#### Records for this task
Segment Open

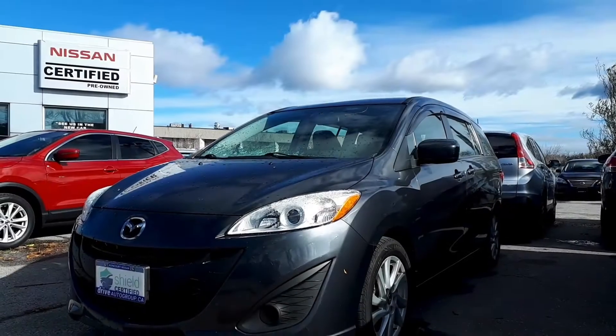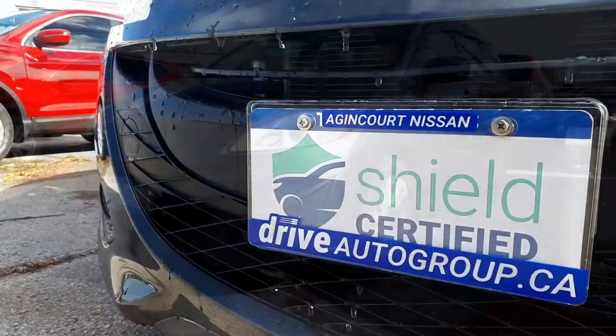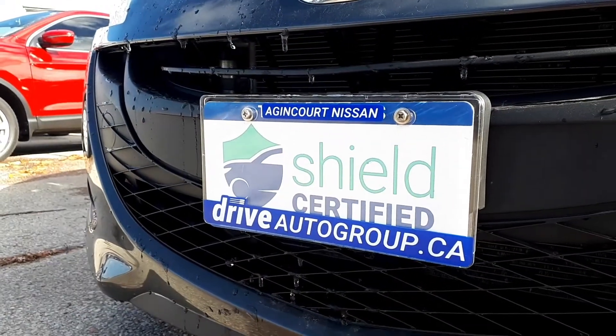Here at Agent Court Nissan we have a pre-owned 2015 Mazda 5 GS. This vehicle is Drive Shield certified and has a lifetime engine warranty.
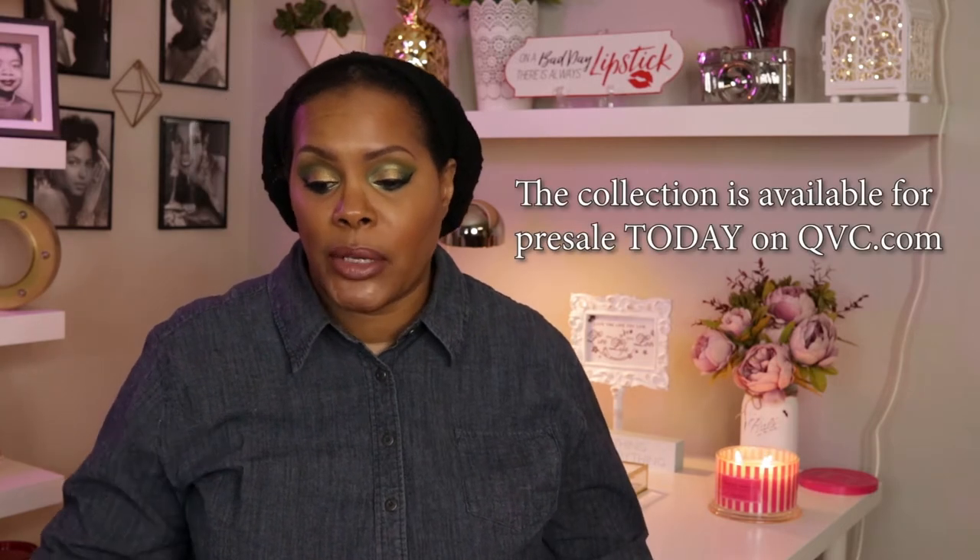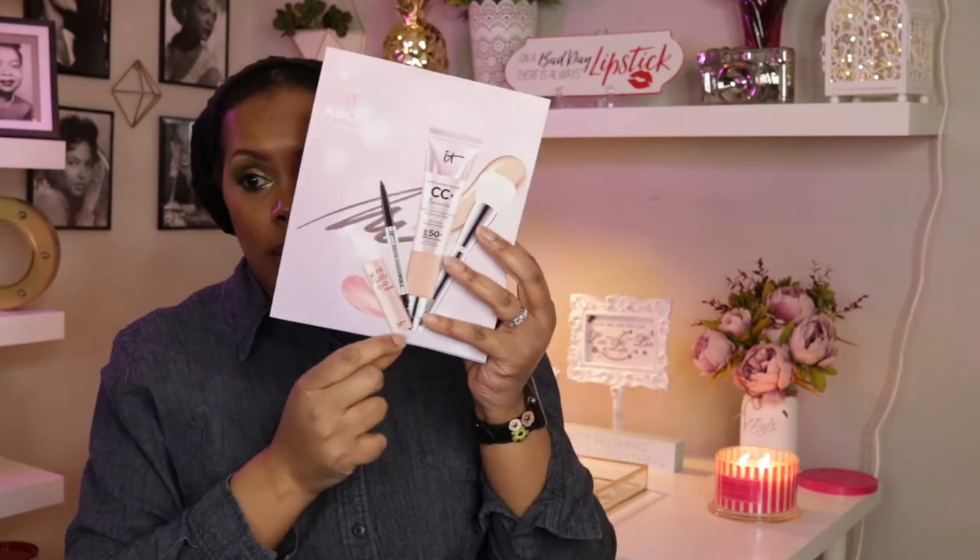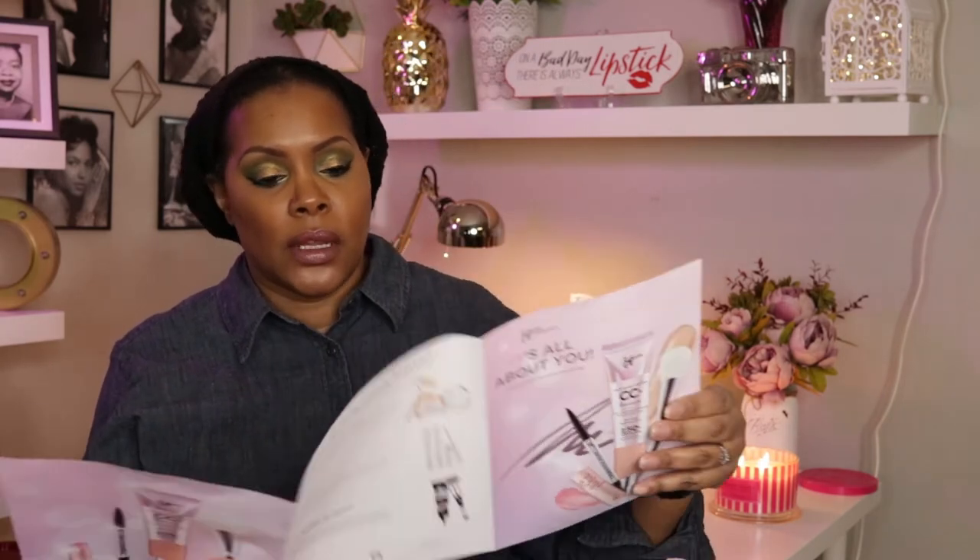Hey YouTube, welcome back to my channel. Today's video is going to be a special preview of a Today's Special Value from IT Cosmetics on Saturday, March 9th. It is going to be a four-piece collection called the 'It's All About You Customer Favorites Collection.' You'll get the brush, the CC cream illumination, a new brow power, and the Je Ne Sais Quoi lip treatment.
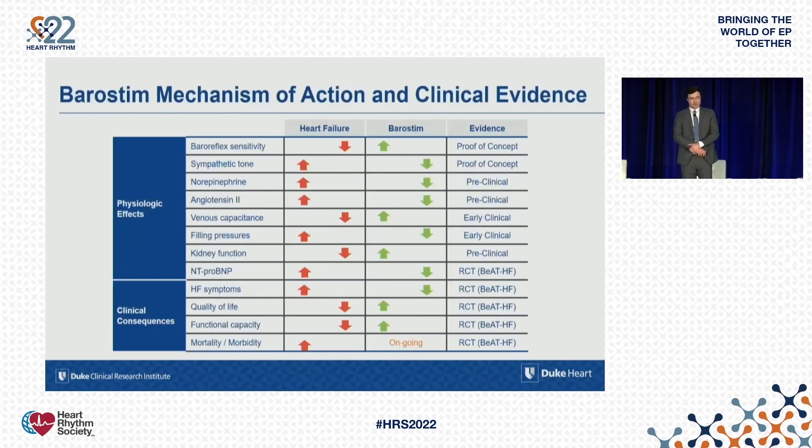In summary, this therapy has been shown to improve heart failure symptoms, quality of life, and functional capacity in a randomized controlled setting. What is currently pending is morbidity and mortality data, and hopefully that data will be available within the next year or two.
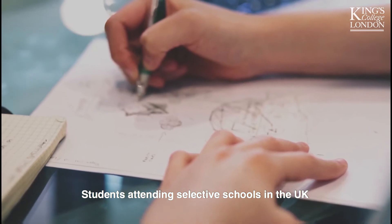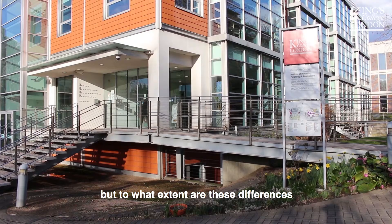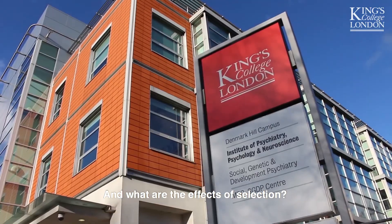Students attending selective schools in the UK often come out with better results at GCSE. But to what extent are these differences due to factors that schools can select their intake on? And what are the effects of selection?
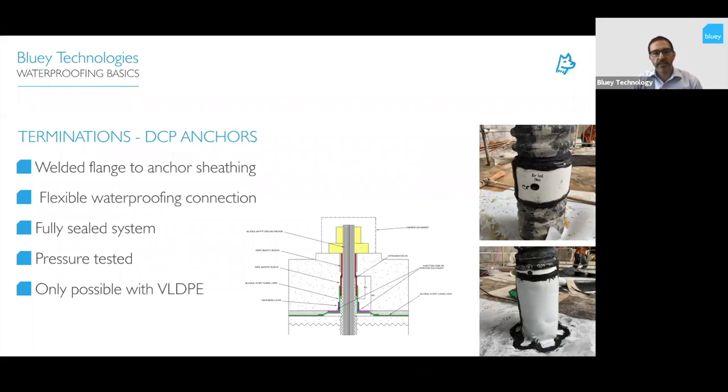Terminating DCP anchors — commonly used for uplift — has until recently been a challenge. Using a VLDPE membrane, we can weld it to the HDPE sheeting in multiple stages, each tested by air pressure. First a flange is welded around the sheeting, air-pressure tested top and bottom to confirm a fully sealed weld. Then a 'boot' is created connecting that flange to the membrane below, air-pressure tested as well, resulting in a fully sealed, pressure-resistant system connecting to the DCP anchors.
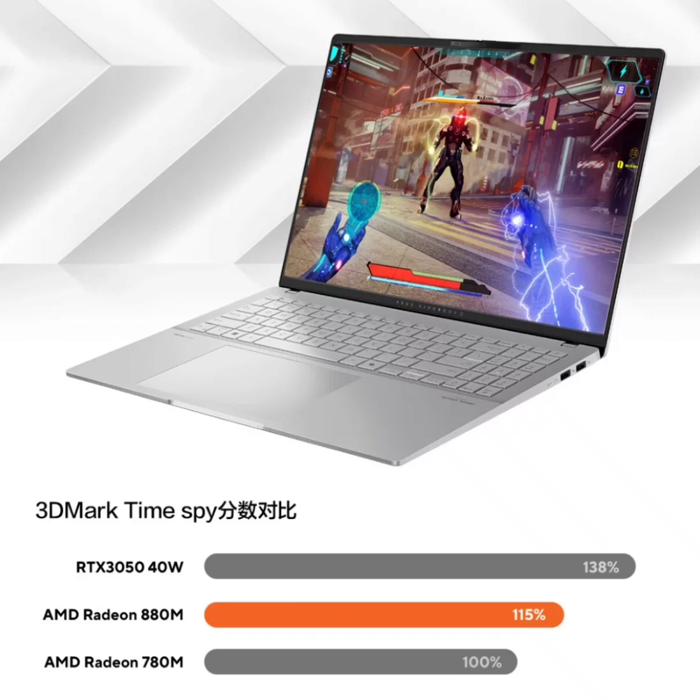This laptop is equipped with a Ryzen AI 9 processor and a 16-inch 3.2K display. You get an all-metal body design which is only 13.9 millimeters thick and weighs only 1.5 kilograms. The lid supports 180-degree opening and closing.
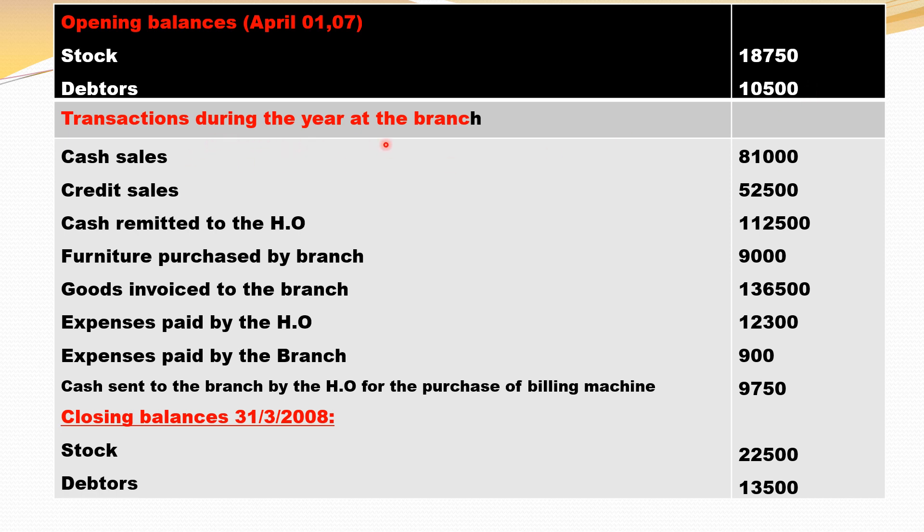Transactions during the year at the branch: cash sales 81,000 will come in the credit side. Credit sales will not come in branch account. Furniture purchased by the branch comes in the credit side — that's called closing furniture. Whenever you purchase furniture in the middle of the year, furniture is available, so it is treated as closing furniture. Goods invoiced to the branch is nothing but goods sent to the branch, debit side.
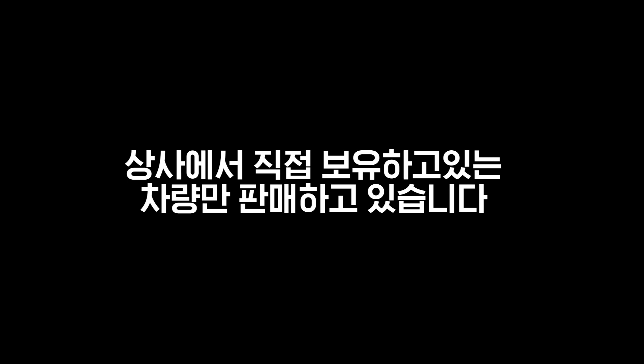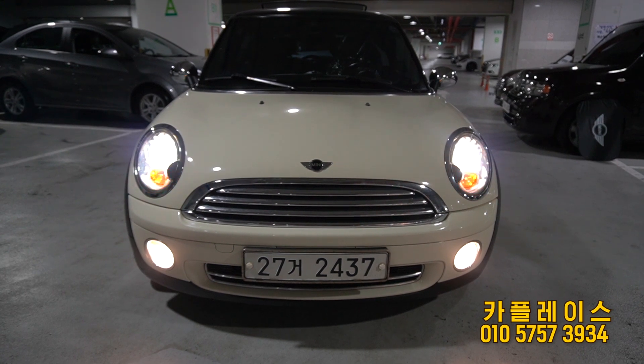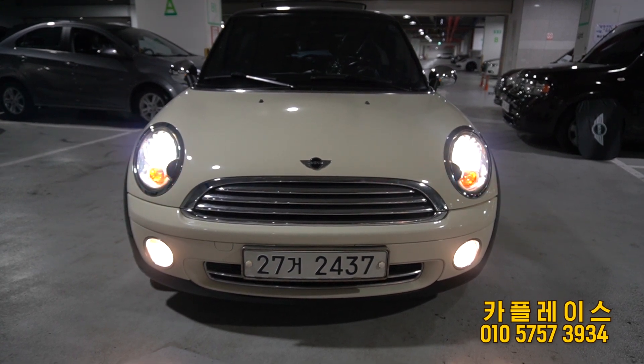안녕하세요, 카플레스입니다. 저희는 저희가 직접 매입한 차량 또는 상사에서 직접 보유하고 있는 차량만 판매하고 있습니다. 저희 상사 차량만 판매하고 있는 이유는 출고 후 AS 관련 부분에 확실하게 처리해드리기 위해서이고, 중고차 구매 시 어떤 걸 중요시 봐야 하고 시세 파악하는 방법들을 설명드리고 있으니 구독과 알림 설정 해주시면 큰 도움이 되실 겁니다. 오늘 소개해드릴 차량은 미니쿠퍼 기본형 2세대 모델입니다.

Segment Closed

#### What you have to do
Please retype every record exactly, leaving the pictures out.

#### Answer section
Here at Agent Court Nissan we have a pre-owned 2015 Mazda 5 GS. This vehicle is Drive Shield certified and has a lifetime engine warranty.
Hey YouTube, welcome back to my channel. Today's video is going to be a special preview of a Today's Special Value from IT Cosmetics on Saturday, March 9th. It is going to be a four-piece collection called the 'It's All About You Customer Favorites Collection.' You'll get the brush, the CC cream illumination, a new brow power, and the Je Ne Sais Quoi lip treatment.
In summary, this therapy has been shown to improve heart failure symptoms, quality of life, and functional capacity in a randomized controlled setting. What is currently pending is morbidity and mortality data, and hopefully that data will be available within the next year or two.
Students attending selective schools in the UK often come out with better results at GCSE. But to what extent are these differences due to factors that schools can select their intake on? And what are the effects of selection?
Terminating DCP anchors — commonly used for uplift — has until recently been a challenge. Using a VLDPE membrane, we can weld it to the HDPE sheeting in multiple stages, each tested by air pressure. First a flange is welded around the sheeting, air-pressure tested top and bottom to confirm a fully sealed weld. Then a 'boot' is created connecting that flange to the membrane below, air-pressure tested as well, resulting in a fully sealed, pressure-resistant system connecting to the DCP anchors.
This laptop is equipped with a Ryzen AI 9 processor and a 16-inch 3.2K display. You get an all-metal body design which is only 13.9 millimeters thick and weighs only 1.5 kilograms. The lid supports 180-degree opening and closing.
Transactions during the year at the branch: cash sales 81,000 will come in the credit side. Credit sales will not come in branch account. Furniture purchased by the branch comes in the credit side — that's called closing furniture. Whenever you purchase furniture in the middle of the year, furniture is available, so it is treated as closing furniture. Goods invoiced to the branch is nothing but goods sent to the branch, debit side.
안녕하세요, 카플레스입니다. 저희는 저희가 직접 매입한 차량 또는 상사에서 직접 보유하고 있는 차량만 판매하고 있습니다. 저희 상사 차량만 판매하고 있는 이유는 출고 후 AS 관련 부분에 확실하게 처리해드리기 위해서이고, 중고차 구매 시 어떤 걸 중요시 봐야 하고 시세 파악하는 방법들을 설명드리고 있으니 구독과 알림 설정 해주시면 큰 도움이 되실 겁니다. 오늘 소개해드릴 차량은 미니쿠퍼 기본형 2세대 모델입니다.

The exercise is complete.